I still can’t wrap my head around what happened yesterday. There is a very strong Polish community in Swindon and I used to be in touch with them for a bit, I even was a teacher in Polish Saturday School for a year. I’m not doing anything with them now but I have them on Facebook and I know they also run Polish Radio called PRS 24.
Yesterday in the evening I saw a Facebook post by a Polish lady who is very active in the community, she took a photo of herself in the radio studio and was saying thank you for letting her use the studio for her university project. I saw the microphones and even the acoustic panels on the wall and I thought how unlikely it is that she was in the studio doing project on the same day that I was attempting my first recording. And I just couldn’t wrap my head around it because that would mean that other people have the same experience as me.

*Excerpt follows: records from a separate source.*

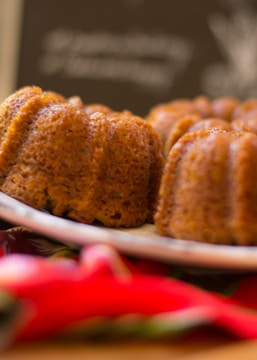 A close-up of freshly baked bundt cakes with a golden, textured crust. The cakes rest on a white plate, and vibrant red and green colors can be seen in the foreground, possibly a napkin. The background is blurred, suggesting focus on the cakes.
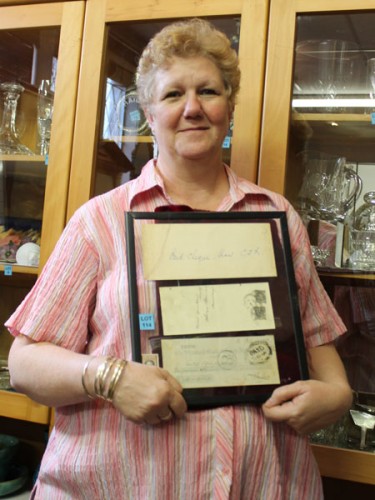 Dianne Leslie, the charity shop manager for Highway Hospice in Pinetown, shows off one of the unique items up for auction at their silent bumper auction, a cheque signed by Cecil John Rhodes in the 1900s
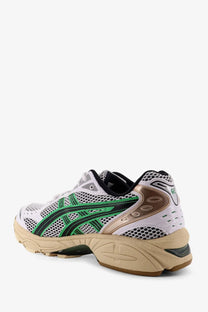 White asics men’s gel kayano mesh sneakers with breathable white mesh upper and green and bronze accents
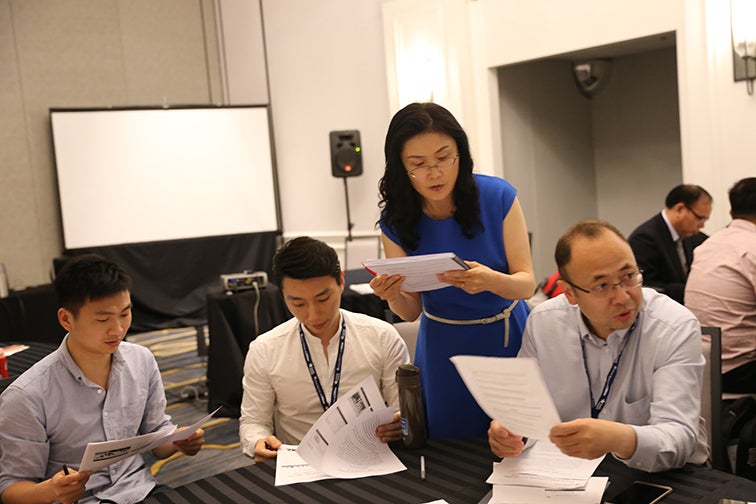 Gao reviewing papers with colleagues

It always felt to me that I am so different that it wasn’t possible that somebody else experience was similar. I mean, of course I realised that we all go to school, look for a job, fall in love and go through breakups, but somehow I didn’t really see that as similar experience. And here a simple Facebook photo made me think in a different way: I was in the studio recording and she was in the studio recording. We were doing the same thing on the same day! What an eye opener!

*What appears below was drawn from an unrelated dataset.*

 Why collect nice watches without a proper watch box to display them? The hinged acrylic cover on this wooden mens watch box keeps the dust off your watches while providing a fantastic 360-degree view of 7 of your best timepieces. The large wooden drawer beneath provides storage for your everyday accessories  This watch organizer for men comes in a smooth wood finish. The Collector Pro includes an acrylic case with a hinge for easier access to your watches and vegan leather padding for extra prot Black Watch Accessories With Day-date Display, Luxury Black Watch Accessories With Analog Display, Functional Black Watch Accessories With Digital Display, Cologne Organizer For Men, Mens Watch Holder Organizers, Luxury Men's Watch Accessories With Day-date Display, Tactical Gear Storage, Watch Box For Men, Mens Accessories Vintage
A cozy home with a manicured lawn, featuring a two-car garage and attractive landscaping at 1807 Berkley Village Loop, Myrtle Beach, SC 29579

Later on I saw a brief recording of Boris laughing while Rishi Sunak was giving a speech and mentioning war in Ukraine. Rishi didn’t see Boris laughing, thank god for that, as otherwise I’d have to say this behaviour was impolite. People on Facebook were commenting that Boris was disrespectful towards the citizens of Ukraine and I thought, can you please give the man a break? He’s been through Brexit, pandemic and lockdown, covid infection and now the war. This is a nervous laughter, I said, he had had enough. And anyway, is him being serious in this particular moment going to change anything for Ukraine?
Later on I realised that what happened was, I allocated Boris my own experience, my nervous laughter I experienced while trying to record. The fact that I was laughing didn’t mean that the thing I was talking about wasn’t important to me, it only meant I couldn’t really comprehend what was happening, it seemed all too surreal to me.
Did Boris laugh for similar reason? Possibly the war, and his entire experience as a prime minister is too surreal for him? Possibly he didn’t expect all of that is going to happen, the only unusual challenge he knew about was Brexit. Someone said, however, Boris was pulling faces towards someone sitting opposite. I didn’t really notice that, for me it was just laugh. Possibly inappropriate, yes, but how I see it is, Boris shows everyone that we don’t need to present ourselves as a professionals 100 percent of the time to be successful. Although I understand that neurotypical people may see the situation differently. Possibly as a sign of overconfidence?
I don’t know. I wish I could work for government for a bit to assess the situation from my, autistic perspective. This is, however, rather unlikely to happen. Which is sad, isn’t it?